His troubled youth set against a backdrop of dramatic social and political upheaval in the wizarding world was magnified because he was so closely affiliated with the Dark Lord and quite closely acquainted with a boy of his own age who stood against everything he had learned during his childhood. This was what became such an emotional abuse because his choices were the difference between life and death, love and hate.

So how abused was Draco Malfoy? Quite a bit, perhaps not physically, but emotionally by a father who expected him to be the top ranking student and best Quidditch player as he so expressed in sharp manner at Borgin and Brukes in Knockturn Alley in Chamber of Secrets in addition to supporting the Dark Lord eventually, whose punishment was an ice bucket of disappointment with which Draco would be doused - an emotional abuse that could only have worked on someone compassionate enough to love his abusive father enough to never want to disappoint him. Look no further than Sirius Black for example, who ran away from home instead of tolerating his family for another day, a family who also favored the Dark Lord's views.


References
[1] Harry Potter and the Chamber of Secrets, Chapter 3 The Burrow

[2] Interview with Jason Isaacs link: http://herocomplex.latimes.com/movies/harry-potter-deathly-lucius-malfoy-jason-isaacs-draco-hero-tom-felton-movie/


Tuesday, March 17, 2015

Hello World [a]

I believe a writer or literary artist's job is to manipulate and craft how we feel as a reader or an audience member. You may have noticed, the title of my blog is called the The Art of Crafting Emotions. The reason for this is that I love filling my life with stories from all walks of life. I am writer myself and as such, I normally don't find people who are willing to listen to (or heaven forbid engage in) in-depth discussions as I pick apart and analyze the crap out of characters and storylines from books, movies, TV shows, songs, and the occasional fan fiction / alternate universe story. As much as I love to talk, there are people who might want me to "stop inflicting [my] opinions on the world" [1]. Ergo, I decided to inflict my opinions on the cyber-world. (That was an invitation for you to roll your eyes there). 

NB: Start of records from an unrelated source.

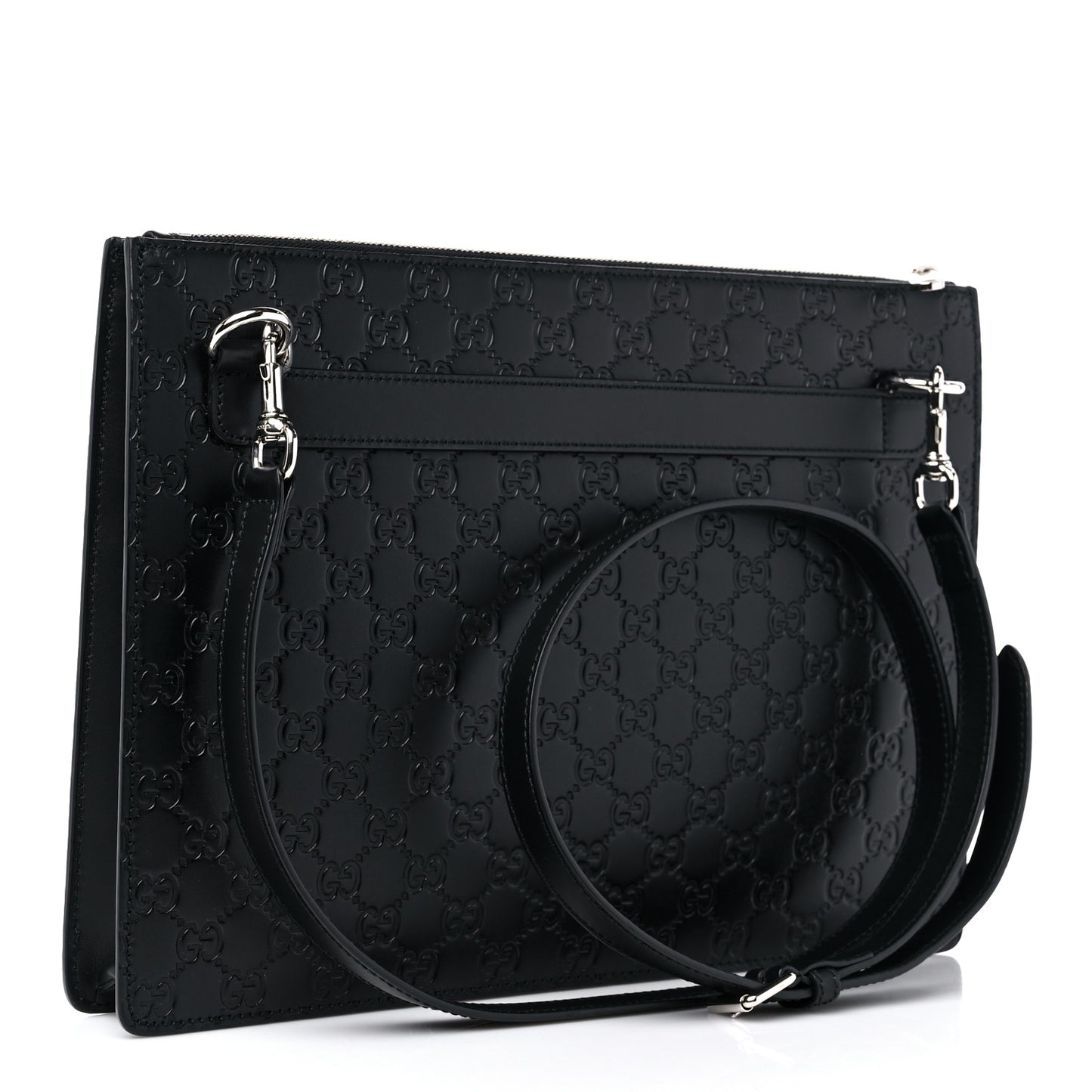 Guccissima Signature Messenger Bag Black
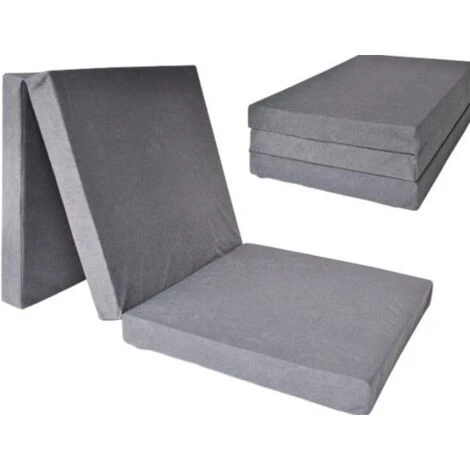 Materasso Ospite Grigio - Materasso Pieghevole - 195x80x10 Cm - Materasso Da Campeggio 4 Materasso Ospite Grigio - Materasso Pieghevole - 195x80x10 Cm - Materasso Da Campeggio - immagine 2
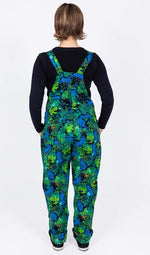 Jungle Cats Stretch Twill Cotton Dungarees by Run and Fly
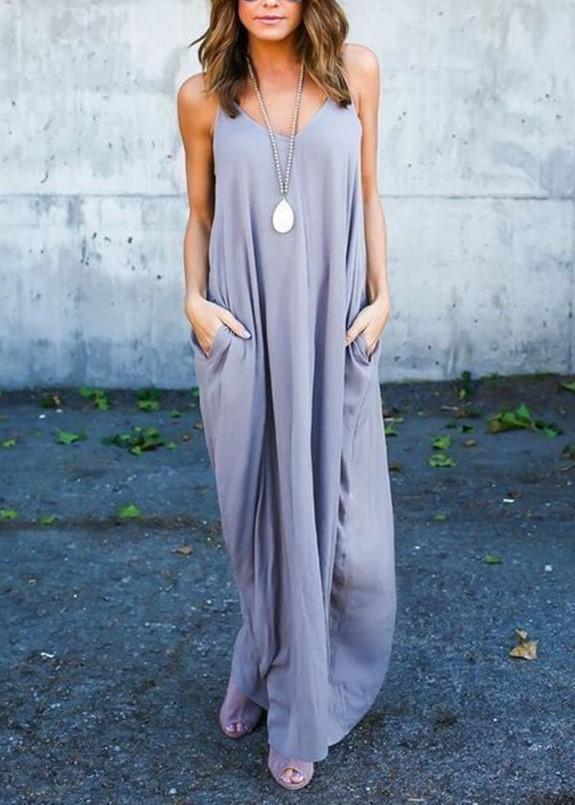 Summer Boho Casual Long Maxi Evening Party Loose Beach Dresses Sundress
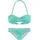 VENICE BEACH Bandeau-Bikini Mint/Weiß 134/140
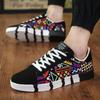 Fashion New Men Sneakers Casual Shoes Men Lovers Printing Fashion Flat Tenis Canvas Shoes Masculino Vulcanized Shoes Zapatos De Hombre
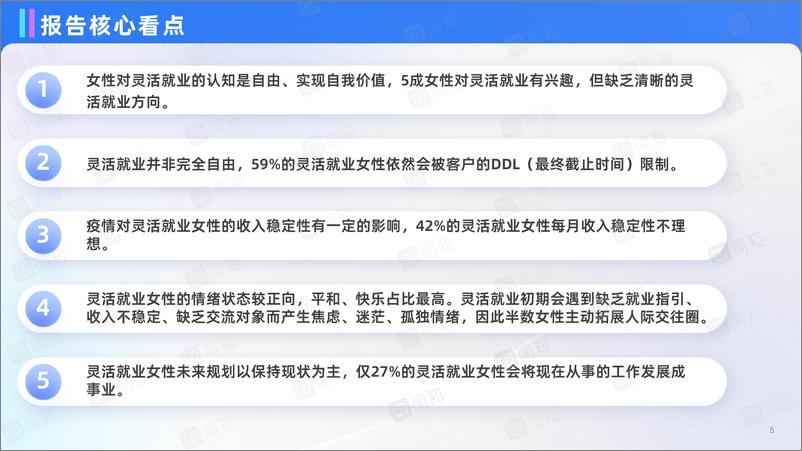 《平台经济下的新业态-女性灵活就业现状与需求调研报告-简知-2023-47页》 - 第6页预览图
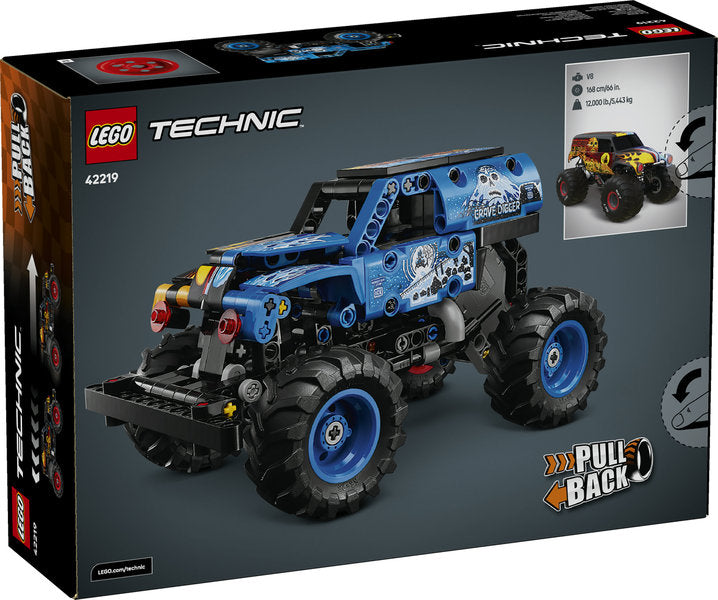 LEGO Technic 42219 monster jam™ grave digger™ fuoco e ghiaccio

If you are a keen reader (and likely a bored individual, if you happen to be surfing through blogs or Buzzfeed when you should be working or otherwise being more productive), you may have noticed that I just threw in a quote from one of my favorite TV shows in the preceding paragraph. (If you are a really keen reader, you will have also noticed the irony of it, given the circumstances in which the original quote was uttered). 

I happen to be one of those eccentrics who actually quote stuff in real life, so naturally I transfer that tendency into my writing as well. But, as a member of the scientific community in the STEM field, I have picked up this useful skill of citing everything that I quote or refer to in my papers / publications that I will employ right here using a semi-MLA citation format. If anyone out there cares to correct my citations or picks up on something that I missed, go ahead and comment on the post. All opinions / comments are welcome, barring a profuse effusion of profanity. On another note, if I feel like something other than a quote requires an explanation or a reference, I will denote those with an alphabet citation (like the one in the title of this post).


References 
[1] BBC's Sherlock, Season 1 Episode 3 (The Great Game)

[a] Hello World is normally the first program that a fledgling programmer would write when picking up a programming language like C++ or Java.